DNA-based bio-batteries make powerful progress in lab tests

Defence Science and Technology Laboratory (Dstl) scientists are working on the bio batteries in a collaborative project with Touchlight Genetics, the Office of Naval Research Global (ONRG) from the US Department of Defense, and the University of Utah.

Dstl’s synthetic biology lead Petra Oyston explained: “The current battery technology that our soldiers are using is containing a lot of energy in chemical format, and if that battery gets shot, for example, it’s going to explode and burst into flames.

“Our bio-battery is made out of DNA, enzymes, lactate and water. If you shot it, it would just go splat, so there’s a significant safety benefit.”

The concept behind the batteries is to degrade a naturally occurring product such as lactate, using enzymes bound to a DNA structural scaffold. The cascade process releases electrons, which are then captured and can be used as power.

Lactate is an organic molecule produced by human and animal cells.

Touchlight Genetics head of platforms Tom Adie added that the battery components are contained in a hydrogel that can be dried down. “You have an incredibly energy-dense battery that can be carried very portably.

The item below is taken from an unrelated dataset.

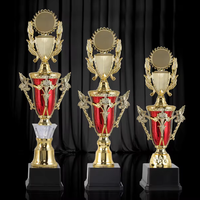 Piala Kompetisi Plastik untuk Lomba Puisi, Lomba Matematika, Lomba Lukis, dan Piala Kenangan Anak-Anak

It’s very light and you can reconstitute it anywhere: seawater, freshwater. So you can carry it on ships; you can carry it in disaster areas.”

The project started in 2017 and is being funded by Dstl and ONRG. Touchlight Genetics is undertaking the work to produce the DNA at scale while the University of Utah is working on the enzyme optimisation and cascade evolution.

ONRG chief scientist Patrick Rose commented: “For defence our warfighters continue to carry more and more electronics that require the power and that means carrying batteries with them. These batteries might provide a solution, a greener solution to generating power. It feels absolutely fantastic to be involved in these types of projects. The impact for defence as well as for society at large will be multi-fold.”

For the future, Oyston says the idea is very scalable. “We can think about going from large batteries to teeny-tiny little batteries that we wouldn’t even be able to see. Maybe we have a unique format of batteries so it’s a coating instead of an actual unit that you’re used to seeing.

As for the present: “We showed it worked. We can get electricity out of a biological system, we can capture it, we can measure it,” she concluded. “It’s going amazingly well.”